=?gb18030?b?u9i4tKO6ILvYuLSjuiC72Li0o7ogu9i4tKO6IEJ1?==?gb18030?b?ZzogYW1kZ3B1IGRybSBkcml2ZXIgY2F1c2UgcHJv?==?gb18030?b?Y2VzcyBpbnRvIERpc2sgc2xlZXAgc3RhdGU=?=

"=?gb18030?b?eWFuaHVh?=" <78666679@xxxxxx> · Wed, 11 Sep 2019 10:43:26 +0800




I'm leaving out for some days.  Thanks very much for your detailed answer.

Best Regards.
Yanhua


------------------ 原始邮件 ------------------
发件人: "Koenig, Christian"<Christian.Koenig@xxxxxxx>;
发送时间: 2019年9月6日(星期五) 晚上7:23
收件人: "yanhua"<78666679@xxxxxx>;"amd-gfx"<amd-gfx@xxxxxxxxxxxxxxxxxxxxx>;
抄送: "Deucher, Alexander"<Alexander.Deucher@xxxxxxx>;
主题: Re: 回复： 回复： 回复： Bug: amdgpu drm driver cause process into Disk sleep state







Are there anything I have missed ?


Yeah, unfortunately quite a bunch of things. The fact that arm64 doesn't support the PCIe NoSnoop TLP attribute is only the tip of the iceberg.

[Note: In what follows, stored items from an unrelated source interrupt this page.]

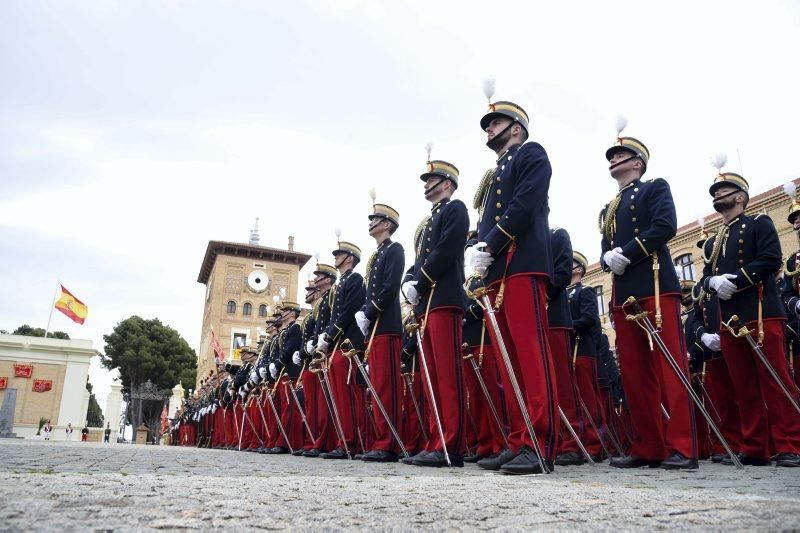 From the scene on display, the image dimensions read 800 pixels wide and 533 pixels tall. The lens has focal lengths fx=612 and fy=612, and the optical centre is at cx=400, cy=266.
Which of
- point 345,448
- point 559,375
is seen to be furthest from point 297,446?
Result: point 559,375

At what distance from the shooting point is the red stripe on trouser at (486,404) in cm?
549

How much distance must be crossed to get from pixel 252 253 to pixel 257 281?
257 centimetres

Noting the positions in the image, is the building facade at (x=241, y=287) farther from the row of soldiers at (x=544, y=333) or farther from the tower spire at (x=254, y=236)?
the row of soldiers at (x=544, y=333)

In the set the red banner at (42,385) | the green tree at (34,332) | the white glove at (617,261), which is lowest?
the white glove at (617,261)

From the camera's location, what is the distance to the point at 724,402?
5.79 m

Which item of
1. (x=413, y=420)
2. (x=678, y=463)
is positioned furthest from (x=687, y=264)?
(x=678, y=463)

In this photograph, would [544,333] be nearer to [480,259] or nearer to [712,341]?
[480,259]

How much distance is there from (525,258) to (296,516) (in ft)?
9.07

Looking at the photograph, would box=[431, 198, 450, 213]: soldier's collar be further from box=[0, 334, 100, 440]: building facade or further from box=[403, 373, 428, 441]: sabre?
box=[0, 334, 100, 440]: building facade

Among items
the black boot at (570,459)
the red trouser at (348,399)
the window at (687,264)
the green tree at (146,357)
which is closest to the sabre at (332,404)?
the red trouser at (348,399)

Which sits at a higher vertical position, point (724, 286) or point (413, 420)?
point (724, 286)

You need a full "recent" driver stack, e.g. not older than a few month till a year, for this to work. And not only the kernel, but also recent userspace components.



Maybe that's something you could first, e.g. install a recent version of Mesa and/or tell Mesa to not use the SDMA at all. But since you are running into an SDMA lockup with a kernel triggered page table update I see little chance that this work.



The only other alternative I can see is the DKMS package of the pro-driver. With that one you might be able to compile the recent driver for an older kernel version.



But I can't guarantee at all that this actually works on ARM64.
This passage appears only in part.